Pseudoscience in FIlms: Armaggeddon

 

    When I was a kid, I loved the movie Armageddon.  It had all the ingredients of a fun and thrilling movie: humor, catastrophe, tragedy, zany characters: you name it.  And if I'm being honest, I still like it, though not for the same reasons.

    Now it is harder to believe in something like that realistically happening.  In the film, an asteroid "the size of Texas" is coming to Earth, and the only way to stop it is by sending a team of astronauts and drillers to set off a nuke in its core, splitting it in half so it flies by without impacting Earth. 

    The first issue is that an asteroid that big is far too rare to evade detection for as long as it did (Bruce).  It's also highly unlikely one that big would be heading for Earth at this time in the solar system's history.  The last real asteroid that caused enough destruction to bring a mass extinction (including the dinosaurs) was only 10km wide- about the size of a city.  This has been verified by measurements of the Chicxulub crater in Mexico, where the impact is thought to have happened about 66 million years ago (Parks).  But if the rock in the movie really were the size of Texas, it would have to be about 1,000km wide- 100 times bigger than the impact at Chicxulub!

    That would make it impossible to drill "800 feet to the core" to set off a nuke.  If you think about it, the dimensions of this asteroid would have to be similar to a pancake in order for that to work.  Also, would a single nuke really be able to blow up an asteroid that big?  Probably not, says Alistair Bruce, an astrophysicist interviewed to critique the film.  Even if it could, he says, that wouldn't split it in half, only shatter it into smaller fragments, turning one dangerous falling object into many. 

    A solution that makes the problem worse.  If that's not bad science, I don't know what is.

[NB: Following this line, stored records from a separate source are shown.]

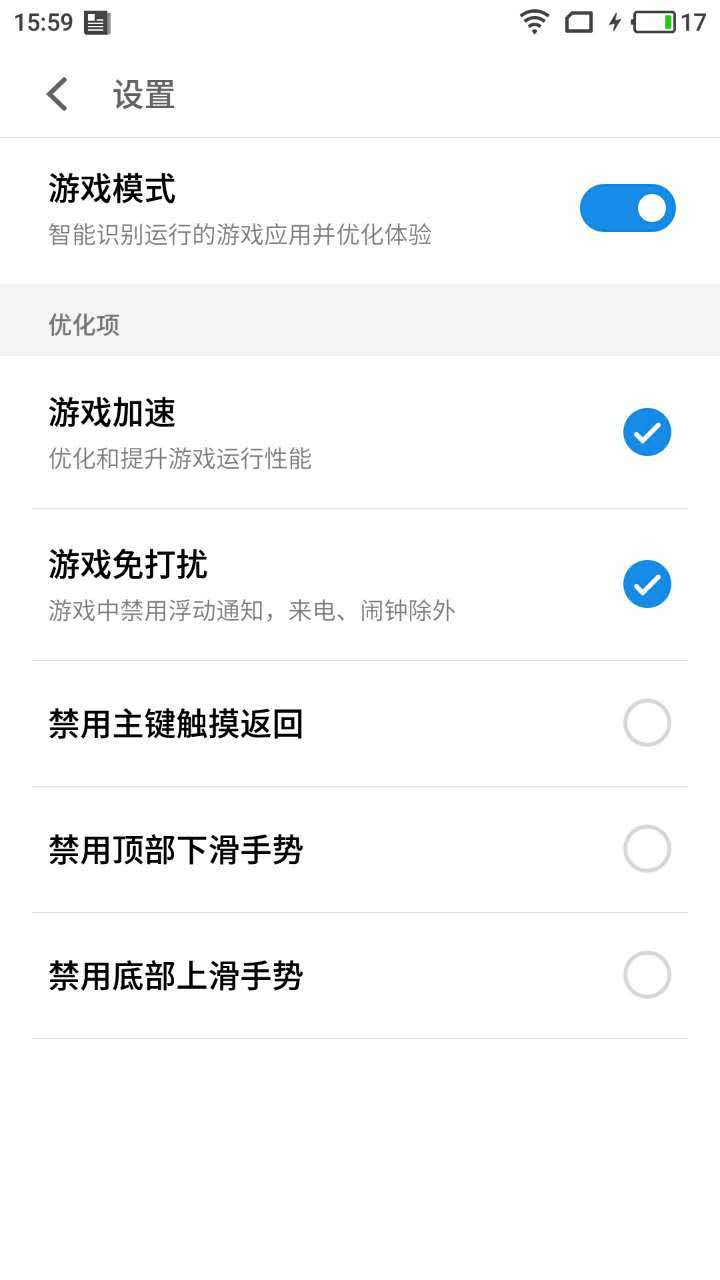 青年良品：魅藍Note5使用報告，依舊是千元機首選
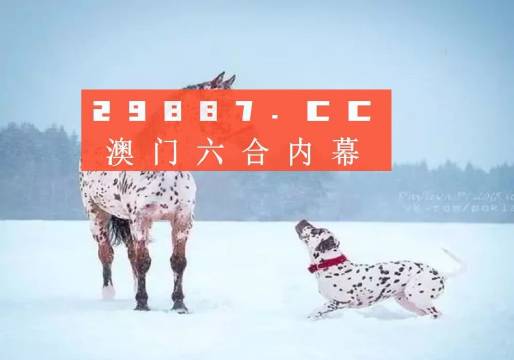 搜狗订阅:7777788888新版跑狗图-菲仍在就美方抹黑中国疫苗寻求解释  第1张
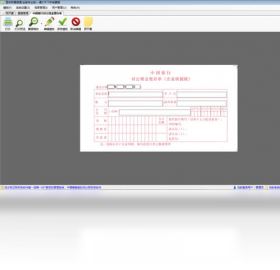 图片[2]-图布斯票据通全能专业版 5.6.4.2012-外行下载站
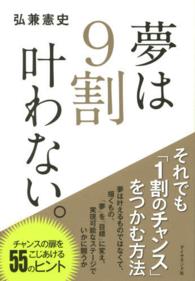 夢は９割叶わない。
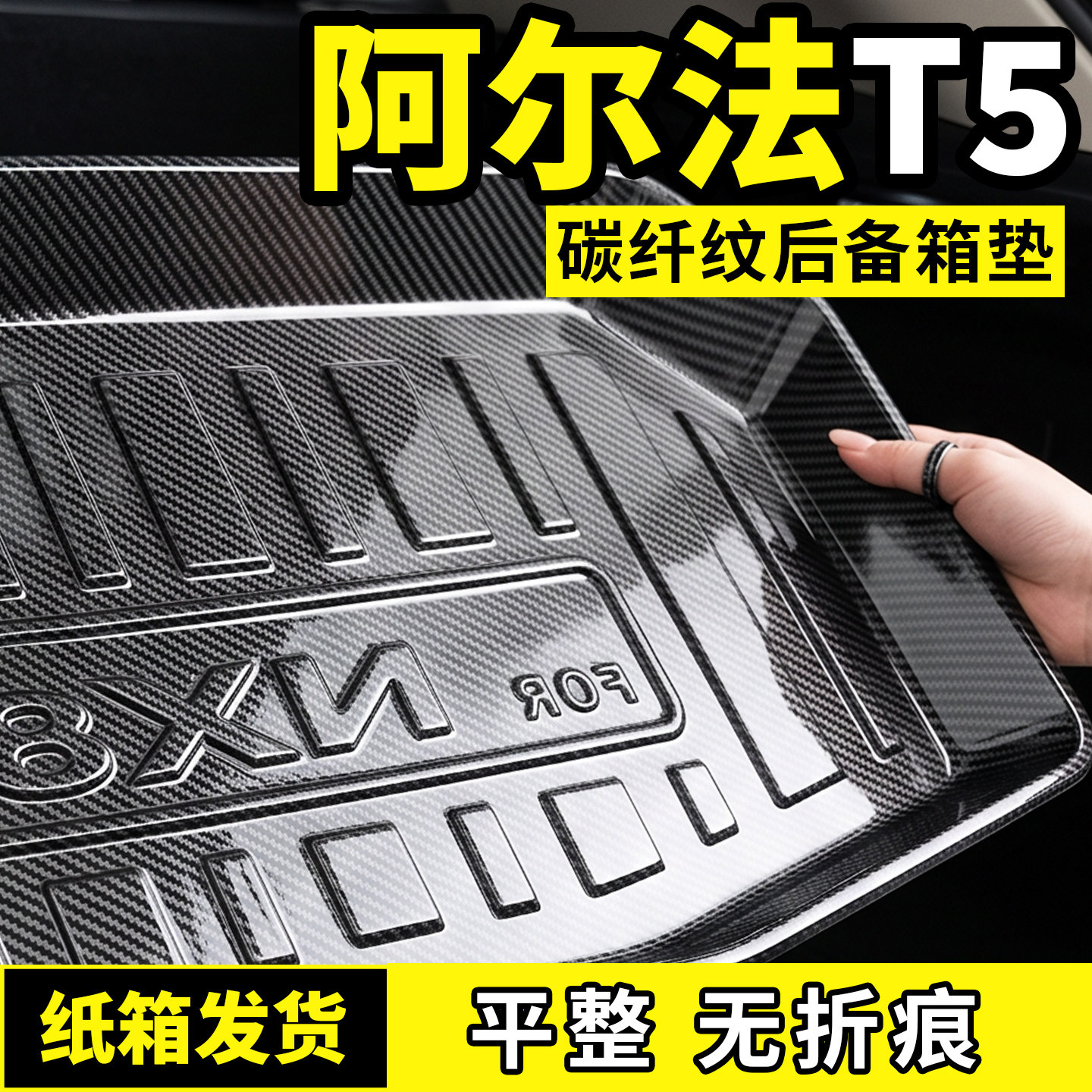 极狐阿尔法T5尾箱垫专车专用3D包边汽车后备箱改装车内装饰垫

Bruce, Alastair.  2017.  Everything Wrong with Armageddon, According to an Astrophysicist.  Retrieved from https://inews.co.uk/culture/film/armageddon-everything-wrong-according-to-an-astrophysicist-69043

Parks, Jake.  2021.  Asteroid Dust Found at Chicxulub Crater Confirms Cause of Dinosaurs' Extinction.  Astronomy.com.  Retrieved from https://astronomy.com/news/2021/03/asteroid-dust-found-at-chicxulub-crater-confirms-cause-of-dinosaurs-extinction


No comments:

Post a Comment

Software

My body is the motherboard, With circuits that calculate The answer to every imbalance. My eyes are the monitor With rods and cones intercep...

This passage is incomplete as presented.